## TASK OBJECTIVE
Every line from the beginning of the data through the line containing "bordeauxrode katoenen sokken🧦❤️" should be reproduced exactly, and no further lines should be output.

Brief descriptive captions
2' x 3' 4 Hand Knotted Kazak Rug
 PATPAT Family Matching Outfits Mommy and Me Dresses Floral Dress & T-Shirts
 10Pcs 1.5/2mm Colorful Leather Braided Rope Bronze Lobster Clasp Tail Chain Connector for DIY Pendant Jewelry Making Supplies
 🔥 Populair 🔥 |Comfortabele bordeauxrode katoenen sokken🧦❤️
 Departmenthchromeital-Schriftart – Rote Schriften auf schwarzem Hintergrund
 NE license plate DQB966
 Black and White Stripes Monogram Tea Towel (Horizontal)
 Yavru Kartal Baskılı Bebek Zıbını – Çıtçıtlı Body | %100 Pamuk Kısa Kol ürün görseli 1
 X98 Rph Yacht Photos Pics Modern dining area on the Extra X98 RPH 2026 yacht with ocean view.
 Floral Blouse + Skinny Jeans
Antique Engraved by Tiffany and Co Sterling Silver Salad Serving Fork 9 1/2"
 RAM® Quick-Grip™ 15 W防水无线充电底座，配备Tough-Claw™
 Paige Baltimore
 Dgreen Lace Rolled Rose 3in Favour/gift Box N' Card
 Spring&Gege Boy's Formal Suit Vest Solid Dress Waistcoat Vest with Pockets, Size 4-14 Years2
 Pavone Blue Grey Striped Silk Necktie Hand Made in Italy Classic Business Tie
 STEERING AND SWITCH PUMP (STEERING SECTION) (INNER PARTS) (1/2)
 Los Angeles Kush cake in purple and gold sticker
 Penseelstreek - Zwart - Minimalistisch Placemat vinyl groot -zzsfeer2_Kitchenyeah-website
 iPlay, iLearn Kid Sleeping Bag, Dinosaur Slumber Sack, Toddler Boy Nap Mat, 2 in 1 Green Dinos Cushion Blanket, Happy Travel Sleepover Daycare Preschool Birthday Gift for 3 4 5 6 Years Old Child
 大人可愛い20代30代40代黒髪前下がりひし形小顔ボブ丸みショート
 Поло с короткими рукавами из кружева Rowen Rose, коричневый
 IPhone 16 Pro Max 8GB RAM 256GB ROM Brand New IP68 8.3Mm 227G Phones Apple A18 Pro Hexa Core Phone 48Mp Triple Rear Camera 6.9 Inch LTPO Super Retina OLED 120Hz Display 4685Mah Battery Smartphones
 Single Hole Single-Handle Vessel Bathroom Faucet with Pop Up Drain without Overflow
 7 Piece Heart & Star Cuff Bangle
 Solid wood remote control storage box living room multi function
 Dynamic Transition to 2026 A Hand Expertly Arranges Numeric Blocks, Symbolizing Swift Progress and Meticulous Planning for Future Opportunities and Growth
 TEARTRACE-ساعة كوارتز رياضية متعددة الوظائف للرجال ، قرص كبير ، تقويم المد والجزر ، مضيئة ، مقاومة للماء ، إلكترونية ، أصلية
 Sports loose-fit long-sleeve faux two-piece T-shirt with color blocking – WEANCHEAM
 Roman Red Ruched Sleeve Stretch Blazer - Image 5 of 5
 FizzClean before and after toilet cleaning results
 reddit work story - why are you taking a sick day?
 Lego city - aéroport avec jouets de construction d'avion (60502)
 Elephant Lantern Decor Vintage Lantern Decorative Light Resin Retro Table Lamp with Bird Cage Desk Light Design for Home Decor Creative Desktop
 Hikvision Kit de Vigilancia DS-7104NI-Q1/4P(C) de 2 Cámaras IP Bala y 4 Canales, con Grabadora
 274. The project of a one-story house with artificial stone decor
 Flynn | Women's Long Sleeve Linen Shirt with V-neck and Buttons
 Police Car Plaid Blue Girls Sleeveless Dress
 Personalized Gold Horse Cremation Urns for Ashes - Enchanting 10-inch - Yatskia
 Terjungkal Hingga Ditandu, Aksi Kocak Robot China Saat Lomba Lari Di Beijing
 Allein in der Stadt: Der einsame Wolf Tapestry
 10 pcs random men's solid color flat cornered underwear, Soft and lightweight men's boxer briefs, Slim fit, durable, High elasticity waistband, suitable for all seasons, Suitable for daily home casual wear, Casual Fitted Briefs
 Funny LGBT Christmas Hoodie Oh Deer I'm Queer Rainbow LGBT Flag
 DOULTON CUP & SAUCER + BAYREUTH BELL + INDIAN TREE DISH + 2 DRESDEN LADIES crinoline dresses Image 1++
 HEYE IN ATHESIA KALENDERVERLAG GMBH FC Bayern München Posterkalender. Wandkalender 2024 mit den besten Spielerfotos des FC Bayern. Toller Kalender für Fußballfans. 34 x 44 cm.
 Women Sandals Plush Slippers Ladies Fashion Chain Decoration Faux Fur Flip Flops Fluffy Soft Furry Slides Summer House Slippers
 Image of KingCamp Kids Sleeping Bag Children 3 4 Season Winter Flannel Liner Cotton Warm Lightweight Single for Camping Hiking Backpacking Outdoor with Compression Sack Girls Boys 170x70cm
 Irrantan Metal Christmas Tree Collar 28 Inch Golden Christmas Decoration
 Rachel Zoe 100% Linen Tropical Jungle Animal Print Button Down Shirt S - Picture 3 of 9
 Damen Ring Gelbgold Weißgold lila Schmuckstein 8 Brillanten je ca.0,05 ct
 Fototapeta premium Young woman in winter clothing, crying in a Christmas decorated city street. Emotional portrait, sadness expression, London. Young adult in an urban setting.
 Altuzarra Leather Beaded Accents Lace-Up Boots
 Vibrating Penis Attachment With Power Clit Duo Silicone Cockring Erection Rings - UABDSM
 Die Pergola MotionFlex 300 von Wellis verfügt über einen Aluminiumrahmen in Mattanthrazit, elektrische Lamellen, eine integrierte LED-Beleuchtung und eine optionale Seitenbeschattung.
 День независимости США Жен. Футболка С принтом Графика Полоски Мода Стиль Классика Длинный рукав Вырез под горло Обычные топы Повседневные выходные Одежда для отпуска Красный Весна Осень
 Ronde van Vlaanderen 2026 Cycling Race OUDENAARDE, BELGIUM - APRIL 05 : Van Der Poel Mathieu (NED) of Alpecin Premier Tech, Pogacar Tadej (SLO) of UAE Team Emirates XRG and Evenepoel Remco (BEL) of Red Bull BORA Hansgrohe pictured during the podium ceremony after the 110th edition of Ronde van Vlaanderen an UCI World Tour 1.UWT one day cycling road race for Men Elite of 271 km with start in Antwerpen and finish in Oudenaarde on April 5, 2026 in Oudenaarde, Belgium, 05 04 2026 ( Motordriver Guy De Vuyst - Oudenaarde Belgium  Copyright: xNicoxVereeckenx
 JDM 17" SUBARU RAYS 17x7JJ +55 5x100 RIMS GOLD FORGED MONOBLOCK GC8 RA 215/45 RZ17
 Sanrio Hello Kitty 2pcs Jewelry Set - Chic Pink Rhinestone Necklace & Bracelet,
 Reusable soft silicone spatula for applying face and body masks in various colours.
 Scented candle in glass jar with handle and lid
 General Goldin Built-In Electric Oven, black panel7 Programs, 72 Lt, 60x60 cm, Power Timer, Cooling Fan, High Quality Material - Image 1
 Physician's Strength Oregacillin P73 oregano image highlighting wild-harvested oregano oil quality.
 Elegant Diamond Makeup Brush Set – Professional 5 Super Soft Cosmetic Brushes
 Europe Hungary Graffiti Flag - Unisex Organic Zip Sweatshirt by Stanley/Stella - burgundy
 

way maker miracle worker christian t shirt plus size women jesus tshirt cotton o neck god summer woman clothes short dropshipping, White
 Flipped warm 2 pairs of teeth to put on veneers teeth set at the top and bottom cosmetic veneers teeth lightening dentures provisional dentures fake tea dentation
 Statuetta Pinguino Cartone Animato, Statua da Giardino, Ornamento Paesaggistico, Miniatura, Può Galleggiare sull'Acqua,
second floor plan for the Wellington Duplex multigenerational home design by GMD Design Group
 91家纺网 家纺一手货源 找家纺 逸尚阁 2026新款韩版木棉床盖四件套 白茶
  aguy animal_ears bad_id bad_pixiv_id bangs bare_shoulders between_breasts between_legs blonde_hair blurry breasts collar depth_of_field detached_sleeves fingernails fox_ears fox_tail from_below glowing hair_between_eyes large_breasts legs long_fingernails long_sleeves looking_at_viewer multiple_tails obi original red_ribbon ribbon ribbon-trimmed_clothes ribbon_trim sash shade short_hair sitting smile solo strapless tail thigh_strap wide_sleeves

## SOLUTION
2' x 3' 4 Hand Knotted Kazak Rug
 PATPAT Family Matching Outfits Mommy and Me Dresses Floral Dress & T-Shirts
 10Pcs 1.5/2mm Colorful Leather Braided Rope Bronze Lobster Clasp Tail Chain Connector for DIY Pendant Jewelry Making Supplies
 🔥 Populair 🔥 |Comfortabele bordeauxrode katoenen sokken🧦❤️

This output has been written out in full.